Photojournalist Donates Pulitzer Photo to NPC

Carol Guzy, a Washington Post photojournalist, presented the Club with a copy of one of her three Pulitzer Prize-winning photos at the Nov. 17 meeting of the Photography Committee.

The 1999 photo she presented to the Club shows Agim Shala, 2, being passed through a barbed wire fence into the hands of grandparents at a refugee camp in Kukes, Albania. His grandparents, who had no idea if their family was alive, reacted with unbridled delight.

The photo is among those by Guzy and two othersthat won the 2000 Pulitzer Prize for feature photography “for their intimate and poignant images depicting the plight of the Kosovo refugees.”

Guzy shared the 1986 Pulitzer for spot news photography and was awarded the 1995 Pulitzer for spot news photography.

After presenting the Pulitzer photo to NPC President Alan Bjerga, who accepted it on behalf of the Club, Guzy shared some of her images and memories of a career that has ranged from “ecstasy during the fall of the Berlin Wall to the sadness of Haiti’s perpetual open wound.”

“I wouldn’t trade this job for the world, though at times I have been screamed at, knocked down, cameras ripped off my neck, trampled by mobs, trampled by mobs of photographers, arrested, shot at, acquired back pain as a personal friend and was deemed obsessive by my editors too numerous times to count. I do prefer the word ‘dedicated’,” she said.

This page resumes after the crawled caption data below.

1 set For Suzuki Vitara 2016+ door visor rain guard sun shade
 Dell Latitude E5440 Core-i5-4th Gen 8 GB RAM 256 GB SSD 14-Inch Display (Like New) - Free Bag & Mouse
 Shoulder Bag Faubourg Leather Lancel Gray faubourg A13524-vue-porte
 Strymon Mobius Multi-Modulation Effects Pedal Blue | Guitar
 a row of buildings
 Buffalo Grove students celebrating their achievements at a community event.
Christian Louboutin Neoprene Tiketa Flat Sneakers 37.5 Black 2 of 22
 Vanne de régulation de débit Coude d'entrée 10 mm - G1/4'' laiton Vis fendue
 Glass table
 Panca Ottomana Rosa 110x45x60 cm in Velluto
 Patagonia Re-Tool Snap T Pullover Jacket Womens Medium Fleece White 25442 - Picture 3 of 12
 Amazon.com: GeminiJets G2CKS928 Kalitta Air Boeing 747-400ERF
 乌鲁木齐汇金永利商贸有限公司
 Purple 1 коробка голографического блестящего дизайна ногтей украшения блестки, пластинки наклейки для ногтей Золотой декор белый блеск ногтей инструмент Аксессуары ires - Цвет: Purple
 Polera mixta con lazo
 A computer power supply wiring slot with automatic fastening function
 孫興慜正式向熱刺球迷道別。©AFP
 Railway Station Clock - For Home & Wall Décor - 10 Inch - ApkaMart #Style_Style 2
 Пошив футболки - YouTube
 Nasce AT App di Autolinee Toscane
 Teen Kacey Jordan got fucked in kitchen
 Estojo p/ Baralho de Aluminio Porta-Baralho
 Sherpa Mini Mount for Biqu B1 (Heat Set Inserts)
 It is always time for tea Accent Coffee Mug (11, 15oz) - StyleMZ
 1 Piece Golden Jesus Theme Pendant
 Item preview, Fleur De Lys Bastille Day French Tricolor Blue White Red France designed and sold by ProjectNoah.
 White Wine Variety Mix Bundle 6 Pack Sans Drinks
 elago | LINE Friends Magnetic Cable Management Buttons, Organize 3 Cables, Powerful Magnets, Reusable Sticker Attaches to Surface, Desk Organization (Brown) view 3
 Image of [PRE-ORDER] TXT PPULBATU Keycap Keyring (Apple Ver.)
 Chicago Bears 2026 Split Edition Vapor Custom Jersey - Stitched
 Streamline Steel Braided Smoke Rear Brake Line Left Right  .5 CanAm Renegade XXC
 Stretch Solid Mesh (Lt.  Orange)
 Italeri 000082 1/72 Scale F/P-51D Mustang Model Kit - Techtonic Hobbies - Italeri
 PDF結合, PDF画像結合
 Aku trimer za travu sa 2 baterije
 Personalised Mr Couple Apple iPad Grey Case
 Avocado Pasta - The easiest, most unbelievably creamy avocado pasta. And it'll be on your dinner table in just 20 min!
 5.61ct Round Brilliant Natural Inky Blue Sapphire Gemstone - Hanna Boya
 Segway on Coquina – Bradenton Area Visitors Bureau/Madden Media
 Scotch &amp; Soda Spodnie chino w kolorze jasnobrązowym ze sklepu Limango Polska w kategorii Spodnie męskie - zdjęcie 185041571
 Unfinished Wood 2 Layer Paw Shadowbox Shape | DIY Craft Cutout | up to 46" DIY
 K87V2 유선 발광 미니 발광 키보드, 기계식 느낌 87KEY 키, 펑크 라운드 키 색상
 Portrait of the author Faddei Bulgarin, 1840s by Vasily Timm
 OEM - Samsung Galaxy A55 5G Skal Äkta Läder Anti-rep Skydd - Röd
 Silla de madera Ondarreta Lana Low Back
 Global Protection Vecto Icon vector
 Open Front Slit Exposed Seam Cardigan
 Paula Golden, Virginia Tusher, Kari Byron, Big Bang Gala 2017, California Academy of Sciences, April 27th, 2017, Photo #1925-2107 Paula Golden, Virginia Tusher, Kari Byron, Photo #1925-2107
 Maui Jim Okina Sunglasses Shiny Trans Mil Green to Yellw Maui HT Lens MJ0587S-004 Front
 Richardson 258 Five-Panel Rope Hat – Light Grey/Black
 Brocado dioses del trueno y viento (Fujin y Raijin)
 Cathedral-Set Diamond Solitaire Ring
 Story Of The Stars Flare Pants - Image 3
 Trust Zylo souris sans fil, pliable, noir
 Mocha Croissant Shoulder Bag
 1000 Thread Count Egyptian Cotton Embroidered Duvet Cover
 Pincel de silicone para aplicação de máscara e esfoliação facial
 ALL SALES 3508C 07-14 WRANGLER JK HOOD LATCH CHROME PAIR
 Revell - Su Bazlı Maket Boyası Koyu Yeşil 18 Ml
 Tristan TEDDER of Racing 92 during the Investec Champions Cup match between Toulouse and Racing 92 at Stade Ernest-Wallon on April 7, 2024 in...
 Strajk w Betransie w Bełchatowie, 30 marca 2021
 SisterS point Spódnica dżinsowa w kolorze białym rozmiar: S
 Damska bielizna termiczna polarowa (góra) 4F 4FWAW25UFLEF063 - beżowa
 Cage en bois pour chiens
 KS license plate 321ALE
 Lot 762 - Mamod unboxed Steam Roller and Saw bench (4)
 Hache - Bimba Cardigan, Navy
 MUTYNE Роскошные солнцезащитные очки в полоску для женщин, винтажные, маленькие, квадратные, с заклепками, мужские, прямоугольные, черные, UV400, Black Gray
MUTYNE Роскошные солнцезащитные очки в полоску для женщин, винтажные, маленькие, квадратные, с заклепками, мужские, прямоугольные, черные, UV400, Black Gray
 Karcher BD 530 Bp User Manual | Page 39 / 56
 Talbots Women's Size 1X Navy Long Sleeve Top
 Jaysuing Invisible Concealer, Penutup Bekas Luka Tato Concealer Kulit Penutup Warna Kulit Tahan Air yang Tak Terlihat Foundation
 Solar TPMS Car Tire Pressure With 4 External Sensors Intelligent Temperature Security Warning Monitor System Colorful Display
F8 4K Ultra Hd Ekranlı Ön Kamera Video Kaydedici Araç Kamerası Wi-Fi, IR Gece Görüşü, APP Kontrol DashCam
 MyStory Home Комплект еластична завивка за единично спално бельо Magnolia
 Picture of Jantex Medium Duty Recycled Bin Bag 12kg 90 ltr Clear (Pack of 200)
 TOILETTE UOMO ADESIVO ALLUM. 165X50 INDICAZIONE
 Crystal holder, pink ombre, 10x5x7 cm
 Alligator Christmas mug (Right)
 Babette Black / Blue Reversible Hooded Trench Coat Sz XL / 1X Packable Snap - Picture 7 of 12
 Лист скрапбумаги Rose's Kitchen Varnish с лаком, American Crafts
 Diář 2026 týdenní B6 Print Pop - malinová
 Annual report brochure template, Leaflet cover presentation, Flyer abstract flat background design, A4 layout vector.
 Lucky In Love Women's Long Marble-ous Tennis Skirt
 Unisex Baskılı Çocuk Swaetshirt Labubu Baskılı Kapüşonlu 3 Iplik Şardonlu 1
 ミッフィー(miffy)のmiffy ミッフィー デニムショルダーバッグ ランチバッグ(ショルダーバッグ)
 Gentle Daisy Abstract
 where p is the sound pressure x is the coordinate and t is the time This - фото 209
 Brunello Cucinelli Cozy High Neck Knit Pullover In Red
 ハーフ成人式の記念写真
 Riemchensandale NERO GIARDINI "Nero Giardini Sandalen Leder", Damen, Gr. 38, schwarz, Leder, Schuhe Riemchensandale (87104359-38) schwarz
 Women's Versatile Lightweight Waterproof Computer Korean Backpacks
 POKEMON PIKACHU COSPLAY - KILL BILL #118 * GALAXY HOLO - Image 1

“It has been said that when you make a photo, you take a piece of the soul. As well, you give a part of yours. There are pieces of my soul scattered all over the earth. Indeed it's what makes me whole.

“It’s haunting to voyage into so many different souls. Sometimes ours are the only ears that hear the silent screams. Trying to translate what you experience becomes a formidable task. It’s never exactly the same as walking in another’s shoes. Photojournalists are chameleons by nature. We inhabit someone’s skin intimately enough to tell their story yet remain an impartial spectator of their world. It’s a delicate balance in which the lens can be a shield from your personal feelings, but only a temporary respite."

Guzy also expressed her concern about a “shoot the messenger” mentality toward the media, which “seems to be escalating. Seeing too much violence in the newspaper over morning cereal can generate a helplessness that numbs or infuriates readers and fingers start pointing at the press for running those disturbing images. Certainly there needs to be sensitivity in news coverage but there is danger in censoring reality.

“Yes, those photos are uncomfortable to view but for many in this world there is no breakfast cereal or freedom from fear. Perhaps that’s what society should find mostintolerable, not the pictures that remind us of it.”